Exercise directions
For this item, repeat the material exactly while omitting its pictures.
====== Provided information ======
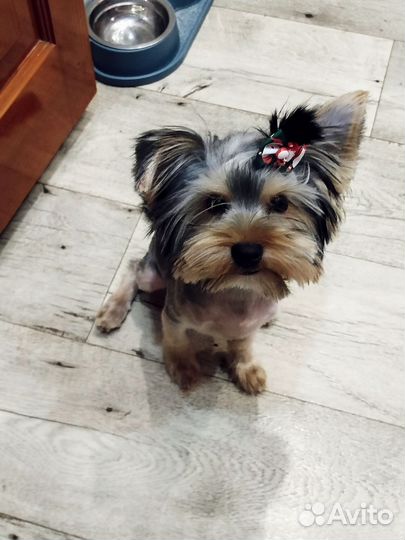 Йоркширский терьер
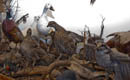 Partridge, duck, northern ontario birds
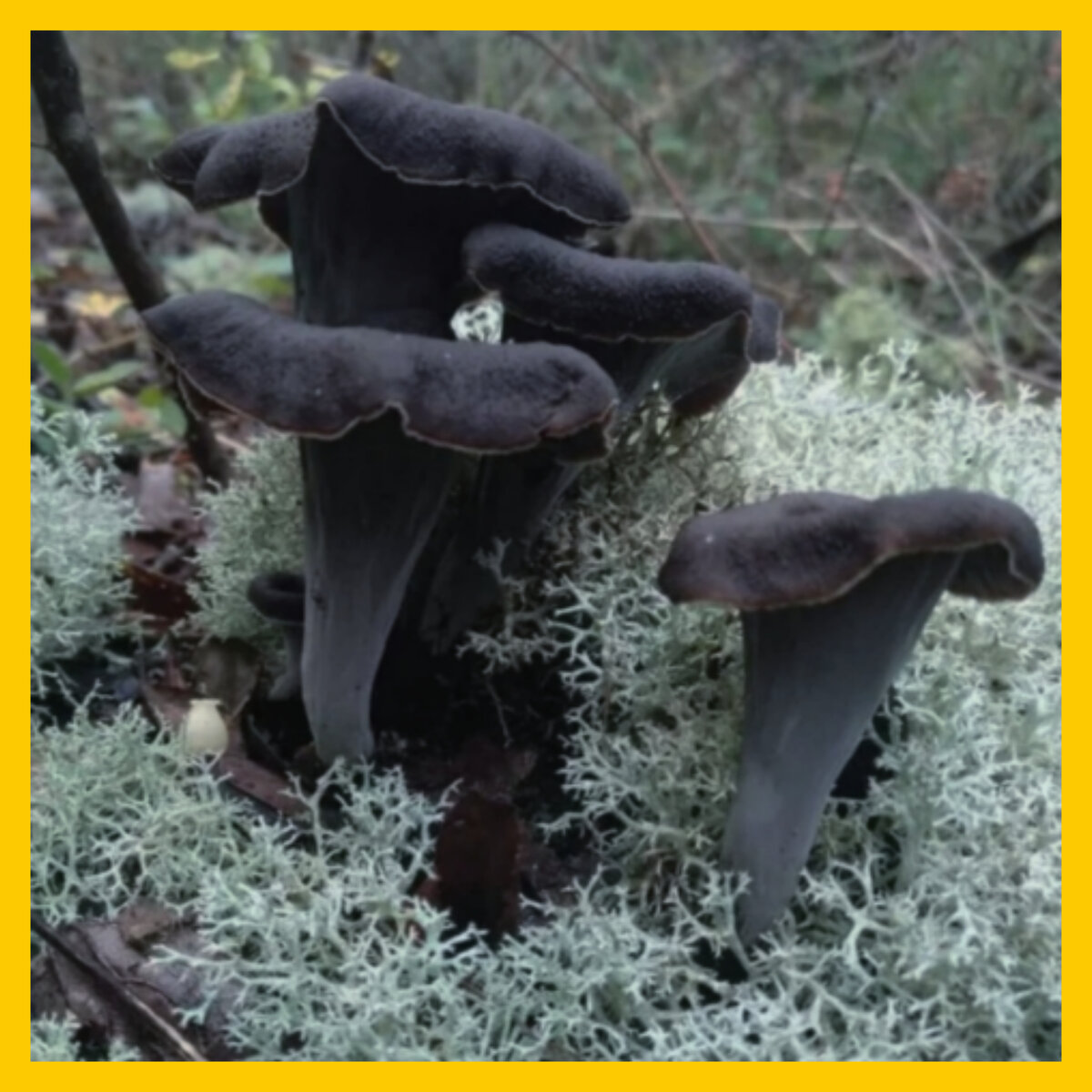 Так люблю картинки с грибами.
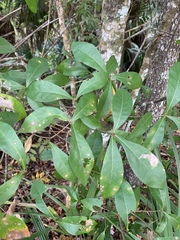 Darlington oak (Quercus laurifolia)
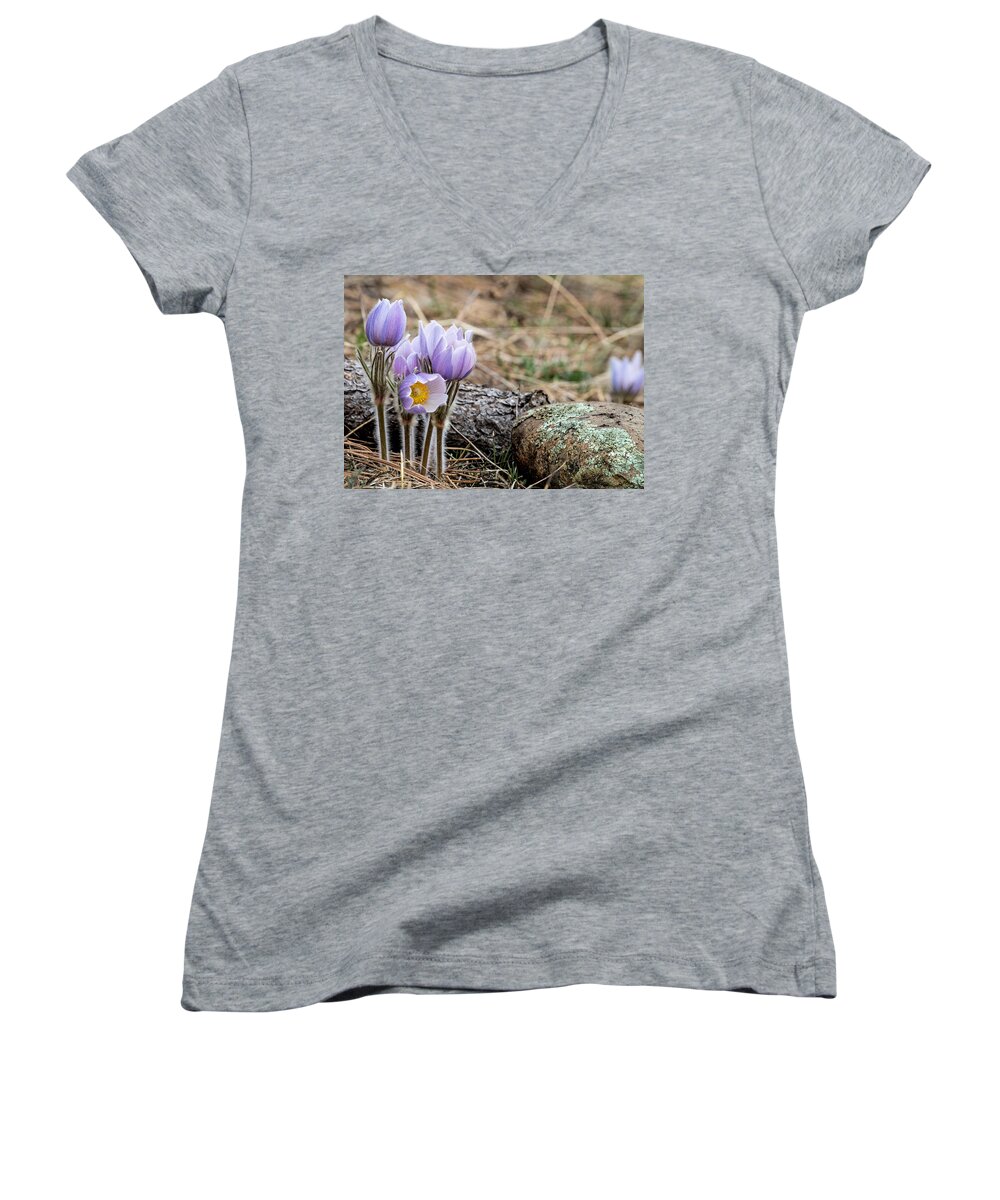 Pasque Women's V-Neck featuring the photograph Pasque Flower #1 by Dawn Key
======
Solution for this exercise
 Йоркширский терьер
 Partridge, duck, northern ontario birds
 Так люблю картинки с грибами.
 Darlington oak (Quercus laurifolia)
 Pasque Women's V-Neck featuring the photograph Pasque Flower #1 by Dawn Key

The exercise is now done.